GR 1-6: 5% each and PR 1-2: 5% each
Problem sets grading breakdown
422U

PS1: 5%
PS2: 12%
PS3: 8%

422M

PS1: 3%
PS2: 6%
PS3: 3%
AS1: 6%
AS2: 1%
AS3 6%

422D

PS1: 3%
PS2: 6%
PS3: 3%
RS1: 6%
RS2: 1%
RS3 6%

Letter grade base cutoff

89.5—100: A; 79.5—89.4: B; 69.5—79.4: C; 49.5—69.4: D; 0—49.4: F

Letter grades are determined at the end of the semester. The default cutoffs are provided above. These boundaries may be adjusted downwards if necessary because of the difficulty of the assignments or quizzes, but the boundaries will never be adjusted upwards, so a final average of 90 is guaranteed to be an A. The boundary adjustment is done heuristically, and there are no grade quotas, no grade targets, and no centering of the class on a particular grade boundary.

Attendance

Class attendance is not mandatory but strongly recommended. Attending 60% of the class meetings is required. Students not meeting this course requirement may be penalized up to 10% of their total grade. Students absent during a group presentation will receive a zero for that assignment. Assignment deadlines will be posted (and maybe updated) on the course page.

Lateness and Extensions

To give you some flexibility for periods of a heavy workload, minor illness, absence from campus, job interviews, and other occasional (but often predictable) circumstances, you may use limited extensions on course deliverables, called slack days. Each slack day is a 24-hour extension on the deadline. You have a budget of 10 slack days for the entire semester, which you may apply to any combination of individual assignments. You can use up to 4 slack days for a given assignment. Assignments more than four days late will not be accepted.

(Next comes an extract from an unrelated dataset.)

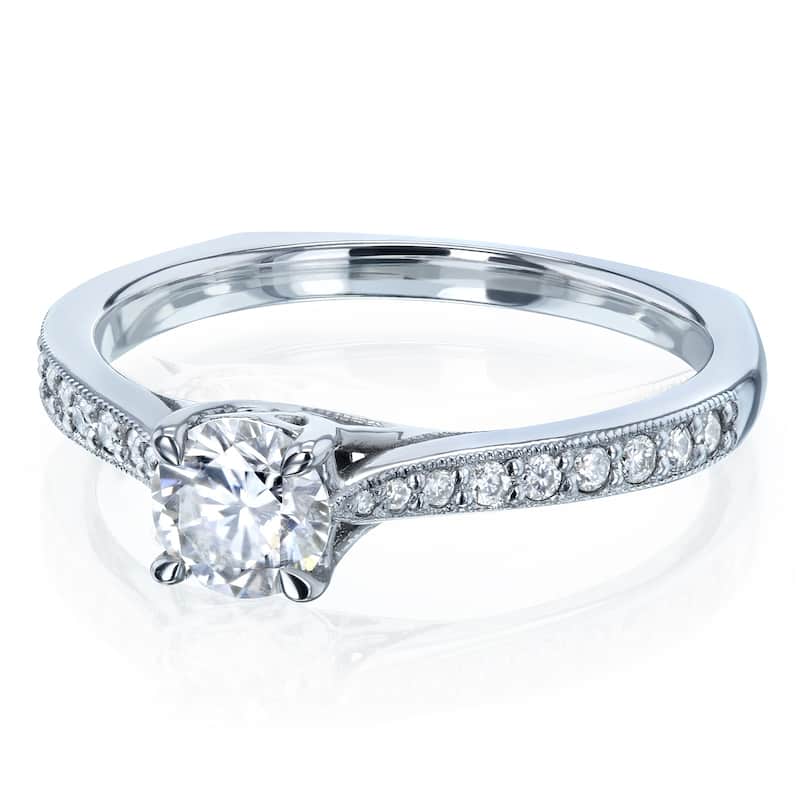 Annello by Kobelli 14k Gold 5/8ct TDW Round Diamond Square European Shank Trellis Engagement Ring (HI, I1-I2)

To use a slack day, just submit the assignment late. You DO NOT need to notify the instructor. When we grade your assignment, we will see that you submitted it late, and dock you the appropriate number of slack days in our records. You are responsible for keeping track of the slack days you’ve used. If you have used up your slack days or exceeded the 4-day limit for a single assignment, you will need an instructor’s permission for more extension.

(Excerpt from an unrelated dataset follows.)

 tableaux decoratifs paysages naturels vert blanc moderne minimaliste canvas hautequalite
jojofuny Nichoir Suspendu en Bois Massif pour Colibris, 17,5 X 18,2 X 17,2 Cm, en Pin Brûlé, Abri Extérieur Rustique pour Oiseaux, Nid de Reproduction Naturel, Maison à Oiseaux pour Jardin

I expect that almost all your needs for extensions will be handled by slack days. Only truly exceptional, extreme emergency cases will be considered for extensions after your slack days are exhausted. In particular, to receive said extension you will need to convince me that all ten of your slack days were used for reasons that would have justified an extension. So use your slack budget wisely. Finally, we want to emphasize that slack days are for emergencies. Plan to submit every assignment on the real due date, and only use a slack day or two if something unexpected comes up last minute. Do not treat slack days as pre-planned due date extensions. In particular,

if you are already using four slack days for an assignment and email me at the end of your fourth day requesting an extension for a fifth day, I will very likely turn you down.

Policies

Attendance Policy. Class attendance is not always mandatory; however, research indicates that students who attend class are more likely to be successful. You are strongly encouraged to attend every class. Lectures may not be recorded and there may not be slides. If you are unable to attend class, you should consider asking a classmate to take notes for you.

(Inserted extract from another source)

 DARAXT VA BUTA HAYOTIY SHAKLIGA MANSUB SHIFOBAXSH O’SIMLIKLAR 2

Academic Misconduct. All students should aspire to the highest standards of academic integrity. Using another student’s work on an assignment, cheating on a test, not quoting or citing references correctly, or any other form of dishonesty, unauthorized collaboration, or plagiarism shall result in a grade of zero on the item and possibly an F in the course. Incidences of academic misconduct shall be referred to the Department Head and pertinent University officials and repeated violations shall result in dismissal from the program.

As a student and member of the UIC community, you are expected to adhere to the Community Standards of academic integrity, accountability, and respect. Please review the UIC Student Disciplinary Policy for additional information.

All students are responsible for reading, understanding, and applying the Code of Student Rights, Responsibilities, and Conduct and in particular the section on academic misconduct. Refer to UIC student affairs.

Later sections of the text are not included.